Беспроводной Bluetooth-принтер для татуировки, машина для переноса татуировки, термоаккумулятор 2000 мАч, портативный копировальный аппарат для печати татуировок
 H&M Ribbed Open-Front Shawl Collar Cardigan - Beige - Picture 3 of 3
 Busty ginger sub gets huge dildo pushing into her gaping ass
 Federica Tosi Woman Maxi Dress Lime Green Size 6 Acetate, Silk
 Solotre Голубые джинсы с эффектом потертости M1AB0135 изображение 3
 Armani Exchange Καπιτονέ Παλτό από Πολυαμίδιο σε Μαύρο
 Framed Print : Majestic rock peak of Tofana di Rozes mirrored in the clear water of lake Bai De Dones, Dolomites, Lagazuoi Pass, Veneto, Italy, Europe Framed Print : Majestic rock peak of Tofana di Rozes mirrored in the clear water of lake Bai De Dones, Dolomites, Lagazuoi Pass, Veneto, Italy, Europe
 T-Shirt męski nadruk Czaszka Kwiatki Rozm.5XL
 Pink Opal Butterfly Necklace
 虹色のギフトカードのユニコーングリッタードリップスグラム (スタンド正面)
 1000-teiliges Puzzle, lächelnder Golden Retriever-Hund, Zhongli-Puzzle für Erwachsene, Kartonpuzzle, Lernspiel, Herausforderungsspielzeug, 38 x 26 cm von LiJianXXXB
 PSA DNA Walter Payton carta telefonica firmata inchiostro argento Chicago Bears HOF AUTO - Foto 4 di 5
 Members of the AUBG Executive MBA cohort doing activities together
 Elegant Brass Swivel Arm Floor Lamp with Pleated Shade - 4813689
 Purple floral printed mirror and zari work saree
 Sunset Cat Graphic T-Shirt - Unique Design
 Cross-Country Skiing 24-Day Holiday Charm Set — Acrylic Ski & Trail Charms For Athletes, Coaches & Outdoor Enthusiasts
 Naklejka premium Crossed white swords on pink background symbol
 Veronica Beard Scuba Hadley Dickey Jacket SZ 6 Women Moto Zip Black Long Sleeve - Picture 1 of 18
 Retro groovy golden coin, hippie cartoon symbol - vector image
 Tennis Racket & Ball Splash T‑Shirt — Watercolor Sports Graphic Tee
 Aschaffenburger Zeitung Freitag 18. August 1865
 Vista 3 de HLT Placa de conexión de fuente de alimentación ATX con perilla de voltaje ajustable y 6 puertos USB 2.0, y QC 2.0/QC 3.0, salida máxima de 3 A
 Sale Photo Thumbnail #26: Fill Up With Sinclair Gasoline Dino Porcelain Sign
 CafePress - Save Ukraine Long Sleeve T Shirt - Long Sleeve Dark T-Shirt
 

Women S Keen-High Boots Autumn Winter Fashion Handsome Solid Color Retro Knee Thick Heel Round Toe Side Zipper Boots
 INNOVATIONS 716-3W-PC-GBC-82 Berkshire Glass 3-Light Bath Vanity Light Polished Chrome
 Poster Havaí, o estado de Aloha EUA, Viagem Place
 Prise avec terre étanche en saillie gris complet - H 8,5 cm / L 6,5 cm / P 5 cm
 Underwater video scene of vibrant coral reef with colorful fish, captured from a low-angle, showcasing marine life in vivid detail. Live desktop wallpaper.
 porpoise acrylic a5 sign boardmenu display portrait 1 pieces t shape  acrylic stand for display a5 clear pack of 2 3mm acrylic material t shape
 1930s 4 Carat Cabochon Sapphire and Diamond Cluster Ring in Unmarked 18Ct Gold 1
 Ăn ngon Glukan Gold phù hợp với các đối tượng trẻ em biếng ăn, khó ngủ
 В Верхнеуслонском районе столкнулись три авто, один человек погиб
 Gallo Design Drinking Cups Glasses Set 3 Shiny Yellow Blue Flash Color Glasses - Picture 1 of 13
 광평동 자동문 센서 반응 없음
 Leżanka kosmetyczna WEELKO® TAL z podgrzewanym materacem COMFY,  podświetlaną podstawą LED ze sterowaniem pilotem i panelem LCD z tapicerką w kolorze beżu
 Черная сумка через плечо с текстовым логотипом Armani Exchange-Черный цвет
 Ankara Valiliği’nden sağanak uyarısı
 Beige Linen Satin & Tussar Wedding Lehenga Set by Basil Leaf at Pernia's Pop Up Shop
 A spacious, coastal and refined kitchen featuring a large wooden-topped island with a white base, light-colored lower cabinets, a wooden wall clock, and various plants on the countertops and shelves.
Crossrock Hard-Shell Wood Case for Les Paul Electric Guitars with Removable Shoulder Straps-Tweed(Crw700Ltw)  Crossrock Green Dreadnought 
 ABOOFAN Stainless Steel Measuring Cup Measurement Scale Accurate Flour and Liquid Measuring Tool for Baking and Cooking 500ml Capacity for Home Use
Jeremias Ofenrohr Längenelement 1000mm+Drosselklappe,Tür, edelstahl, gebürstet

### Work to complete
Restate the records, all of them, precisely as written.

### Reply to the task
Беспроводной Bluetooth-принтер для татуировки, машина для переноса татуировки, термоаккумулятор 2000 мАч, портативный копировальный аппарат для печати татуировок
 H&M Ribbed Open-Front Shawl Collar Cardigan - Beige - Picture 3 of 3
 Busty ginger sub gets huge dildo pushing into her gaping ass
 Federica Tosi Woman Maxi Dress Lime Green Size 6 Acetate, Silk
 Solotre Голубые джинсы с эффектом потертости M1AB0135 изображение 3
 Armani Exchange Καπιτονέ Παλτό από Πολυαμίδιο σε Μαύρο
 Framed Print : Majestic rock peak of Tofana di Rozes mirrored in the clear water of lake Bai De Dones, Dolomites, Lagazuoi Pass, Veneto, Italy, Europe Framed Print : Majestic rock peak of Tofana di Rozes mirrored in the clear water of lake Bai De Dones, Dolomites, Lagazuoi Pass, Veneto, Italy, Europe
 T-Shirt męski nadruk Czaszka Kwiatki Rozm.5XL
 Pink Opal Butterfly Necklace
 虹色のギフトカードのユニコーングリッタードリップスグラム (スタンド正面)
 1000-teiliges Puzzle, lächelnder Golden Retriever-Hund, Zhongli-Puzzle für Erwachsene, Kartonpuzzle, Lernspiel, Herausforderungsspielzeug, 38 x 26 cm von LiJianXXXB
 PSA DNA Walter Payton carta telefonica firmata inchiostro argento Chicago Bears HOF AUTO - Foto 4 di 5
 Members of the AUBG Executive MBA cohort doing activities together
 Elegant Brass Swivel Arm Floor Lamp with Pleated Shade - 4813689
 Purple floral printed mirror and zari work saree
 Sunset Cat Graphic T-Shirt - Unique Design
 Cross-Country Skiing 24-Day Holiday Charm Set — Acrylic Ski & Trail Charms For Athletes, Coaches & Outdoor Enthusiasts
 Naklejka premium Crossed white swords on pink background symbol
 Veronica Beard Scuba Hadley Dickey Jacket SZ 6 Women Moto Zip Black Long Sleeve - Picture 1 of 18
 Retro groovy golden coin, hippie cartoon symbol - vector image
 Tennis Racket & Ball Splash T‑Shirt — Watercolor Sports Graphic Tee
 Aschaffenburger Zeitung Freitag 18. August 1865
 Vista 3 de HLT Placa de conexión de fuente de alimentación ATX con perilla de voltaje ajustable y 6 puertos USB 2.0, y QC 2.0/QC 3.0, salida máxima de 3 A
 Sale Photo Thumbnail #26: Fill Up With Sinclair Gasoline Dino Porcelain Sign
 CafePress - Save Ukraine Long Sleeve T Shirt - Long Sleeve Dark T-Shirt
 

Women S Keen-High Boots Autumn Winter Fashion Handsome Solid Color Retro Knee Thick Heel Round Toe Side Zipper Boots
 INNOVATIONS 716-3W-PC-GBC-82 Berkshire Glass 3-Light Bath Vanity Light Polished Chrome
 Poster Havaí, o estado de Aloha EUA, Viagem Place
 Prise avec terre étanche en saillie gris complet - H 8,5 cm / L 6,5 cm / P 5 cm
 Underwater video scene of vibrant coral reef with colorful fish, captured from a low-angle, showcasing marine life in vivid detail. Live desktop wallpaper.
 porpoise acrylic a5 sign boardmenu display portrait 1 pieces t shape  acrylic stand for display a5 clear pack of 2 3mm acrylic material t shape
 1930s 4 Carat Cabochon Sapphire and Diamond Cluster Ring in Unmarked 18Ct Gold 1
 Ăn ngon Glukan Gold phù hợp với các đối tượng trẻ em biếng ăn, khó ngủ
 В Верхнеуслонском районе столкнулись три авто, один человек погиб
 Gallo Design Drinking Cups Glasses Set 3 Shiny Yellow Blue Flash Color Glasses - Picture 1 of 13
 광평동 자동문 센서 반응 없음
 Leżanka kosmetyczna WEELKO® TAL z podgrzewanym materacem COMFY,  podświetlaną podstawą LED ze sterowaniem pilotem i panelem LCD z tapicerką w kolorze beżu
 Черная сумка через плечо с текстовым логотипом Armani Exchange-Черный цвет
 Ankara Valiliği’nden sağanak uyarısı
 Beige Linen Satin & Tussar Wedding Lehenga Set by Basil Leaf at Pernia's Pop Up Shop
 A spacious, coastal and refined kitchen featuring a large wooden-topped island with a white base, light-colored lower cabinets, a wooden wall clock, and various plants on the countertops and shelves.
Crossrock Hard-Shell Wood Case for Les Paul Electric Guitars with Removable Shoulder Straps-Tweed(Crw700Ltw)  Crossrock Green Dreadnought 
 ABOOFAN Stainless Steel Measuring Cup Measurement Scale Accurate Flour and Liquid Measuring Tool for Baking and Cooking 500ml Capacity for Home Use
Jeremias Ofenrohr Längenelement 1000mm+Drosselklappe,Tür, edelstahl, gebürstet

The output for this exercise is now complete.